Toda reflexão sobre o Rio de Janeiro, sua dinâmica, sua beleza, sua gente e inclusive seus (não poucos e nem pequenos) dramas, passará pelas suas águas em algum momento. Da água benta da procissão de São Sebastião aos pulos sobre as sete ondas em Copacabana no Reveillón. São ás aguas da Baía de Guanabara, de Copacabana, do quebra-mar da Barra, do pisicinão de Ramos, da Lagoa…
Mas, tragicamente, são as águas das enchentes na Praça da Bandeira, em Madureira e em Jacarepaguá. São ás águas das chuvas que alagam a rua do Catete, que levam morro abaixo os barracos da gente pobre… Também são as águas da Cedae, da adutora do Guandú, que nem na cidade do Rio está localizada.
Para além da cidade, a água tem profunda simbologia. Está intimamente vinculada á vida, afinal somos majoritariamente… ÁGUA! Por isso ela é tão ligada ás cerimônias religiosas. Presente nas mitologias indígenas, avatar de divindades das religiões afro-brasileiras, é pelas águas que os Cristãos são inciados em sua fé religiosa, renascendo para uma vida nova.
Mas na Cidade Maravilhosa, hoje á agua provoca desconfiança, adoece a população e esvazia o bolso do cidadão. Neste verão, a água sangra a alma carioca. E sufoca os mais humildes
Quando nós, professores da rede estadual, fizemos greve em 2016, o Estado do Rio de Janeiro começa a viver a profunda crise fiscal e financeira que se perdura até hoje.
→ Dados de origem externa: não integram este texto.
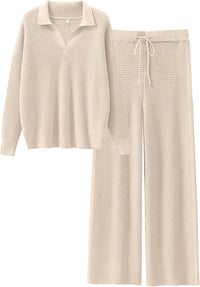 ANRABESS Women Two Piece Outfits Sweater Sets Lounge Waffle Knit Pullover Matching Wide Leg Pants Tracksuit 2025 Fall Fashion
Para poder colocar os salários do funcionalismo em dia e sair do buraco, o governo se submeteu a acordos financeiros com instituições bancárias. Deu a Cedae como garantia, prometeu privatizá-la. Brasília autorizou o acordo e o banco liberou a grana. E a joia do patrimônio público estadual estava empenhada.
Na época, apenas os mais atentos se deram conta de um detalhe: A companhia estadual de água e esgoto era um empresa saudável, que havia ficado praticamente de fora dos escândalos de Cabral e Pezão, e lucrava para o Estado R$ 70 milhões por ano. Nós, cidadãos fluminenses, temos que aturar o cretinismo dos governantes que fazem ilações sem apresentar provas.
Afinal, desde quando o sucateamento da Cedae é sabotagem? Só se for a do Poder Executivo que, em nome dos interesses privados de seus mandatários, prejudica a vida da população e faz a festa dos comerciantes e distribuidores de água mineral. É evidente que essa história da água barrenta com gosto ruim é uma tentativa de justificar a privatização da empresa. Um meio de convecer a população de que o serviço público não é bom, a empresa é ineficiente e que nas mãos da inciativa privada teremos uma água de qualidade superior.
Mais uma vez o Rio e o Brasil indo na contramão dos interesses da população. E nem podemos contar com os canais de televisão e com os jornais para um debate sério. Ao contrário, já seria de conhecimento público que, na Alemanha e no Reino Unido estão reestatizando as empresas de saneamento e de eletricidade por que as privatizações, após mais de duas décadas, pioraram a qualidade dos serviços essenciais.
Enfim, este verão, que poderia ser marcado pelos 50ºC a sombra ou pela polêmica dos megablocos, virou o verão da água suja. Tão suja quanta a cara de pau dos gestores desse combalido estado. Quem sabe tenhamos água limpa com as águas de março…
Triste sina a do carioca, sitiado pela incompetência e pelo desgoverno em nível municipal, estadual e federal. Mais triste ainda é constatar nossa passividade com essas coisas. Em um descalabro desses, nossos dirigentes nem deveriam poder sair às ruas por causa da insatisfação popular. Mas ao invés disso, ficamos nós caçando água mineral comércio afora como se estivéssemos em uma gincana de colônia de férias.
Fico me perguntando o que sobrará para nós depois que isso tudo passar. Sim, eu creio que isso tudo vai passar, apesar de tudo. O problema é que parece ainda estar muito distante para enxergar uma luz no fim do túnel.